Iván Lanzi no se dejaba llevar por sentimientos. Perdió la fe, no solo en Dios, sino que también la había perdido la fe en la humanidad. Cargaba en su cuerpo, varias cicatrices de disparos que lo habrían alcanzado. Su profesión requería que fuera un hombre recto, apegado a la ley. Ya no portaba su uniforme, pero nada le podría decir que él no era un buen oficial, aunque trabajaba fuera de las reglas. En las calles, los delincuentes le temían más que a ir a prisión. Solo con escuchar el nombre de Iván, hasta el más bravo de los delincuentes le temía y no era de menos. Iván era uno de los mejores policías de su clase, dedicándose a rastrear y capturar jefes narcos y traficantes. Odiaba a quienes fabricaban, traficaban, distribuían y consumían sustancias ilegales, detestaba a los que vivían fuera de la ley y no se detenía averiguando si eran famosos o no, solo los detenía y les hacía pasar el peor momento de sus vidas y cuando se le daba un caso importante, avanzaba hasta encontrar un final que lo dejara satisfecho por completo. Jamás dejaría un caso sin resolver en sus manos.
Iván, fue criado por Héctor Lanzi, su tío paterno hasta que falleció de un fallo cardíaco el día de su egresó de la escuela de oficiales de la policía federal.
Héctor había sido un importante oficial dentro del ejército y lo crió con estrictos modo militares sin demostrarle cariño alguno, preparándolo severamente. Iván no tenía ningún afecto, la figura materna se había perdido en alguna parte de su corazón y todo lo que él tenía, era su carrera. No sentía pena por sus pérdidas, no derramó ni una sola lagrima por su tío cuando lo perdió, e incluso, solo conocía el amor, de verlo por alguna película o alguna frase. Se sentía inmune a eso y no comprendía del todo a lo que se referían tantas cosas que eran cosas que inventaban las personas. “Cuentos de hadas”, como decía su tío.
En los pasillos de la oficina se corría un comentario y a veces se hacían apuestas sobre el tema, viendo si alguien se atrevía a hablarle, con la oportunidad de hablar lo suficiente con Iván como para producir en él, algún signo de simpático estallido. Aun nadie lo había logrado, incluso, algunos de sus compañeros más osados, contrataron a un par de excelentes comediantes, esperando de ellos, lo que ninguno habría logrado. Les otorgaron uniformes y los habían hecho pasar por otros oficiales, pero el jugoso pozo acumulado que se habría formado durante esos cinco años dentro de esas oficinas, aun continuaba allí. Todo resultó de una forma desagradable, él mismo se encargó de apresar a esos farsantes y sacarle las sonrisas a sus compañeros, cuando tuvieron que rendir cuentas con su jefe.

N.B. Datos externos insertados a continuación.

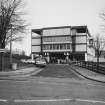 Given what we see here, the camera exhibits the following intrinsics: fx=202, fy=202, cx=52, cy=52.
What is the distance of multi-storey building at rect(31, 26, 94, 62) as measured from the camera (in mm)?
78500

Trabajaba en el departamento de narcóticos, no aceptaba tener un compañero, no confiaba en nadie y nadie confiaba en él. Lo más cercano que tenia, era su jefe, Raúl Lambar, al único que respetaba por su carrera dentro de la policía, sus casos resueltos y la manera que lo trataba, era muy similar a la relación que tenia con su tío, aparte de ser alguien cercano a él, desde muy pequeño. Fue por la amistad que había entre Raúl y Héctor, que Iván había decidido a ir detrás de la carrera de inspector policial.
Criado con principios inquebrantables, el resto eran cosas que simplemente a él no le interesaban. Su orden y su rutina, era lo único que lo apegaba a la vida. Se levantaba cuatro de la mañana, corría una hora, se duchaba, desayunaba en un café e iba directamente a su trabajo y se quedaba allí hasta las siete treinta de la tarde. Pasaba por una pequeña despensa, compraba lo necesario y como extra, una botella de whisky a fin de poder conciliar el sueño sin pensar en tonterías, concentrándose solo el algún caso, o revisando algún archivo hasta quedarse dormido y volver a empezar, esperando solo que le dieran un nuevo caso. O simplemente subía a la terraza del edificio en donde estaba su departamento y se quedaba allí solo, con su botella y su soledad. Otra opción, era no regresar inmediatamente, sino ir a algún pub, beber algunas copas y terminar enredado entre las piernas de alguna mujer de la cual, no recordaría el nombre al otro día, pero sí, su tarifa. Saciaba sus necesidades y dejaba pasar el momento como el agua en un rio, sin detenerse a pensarlo.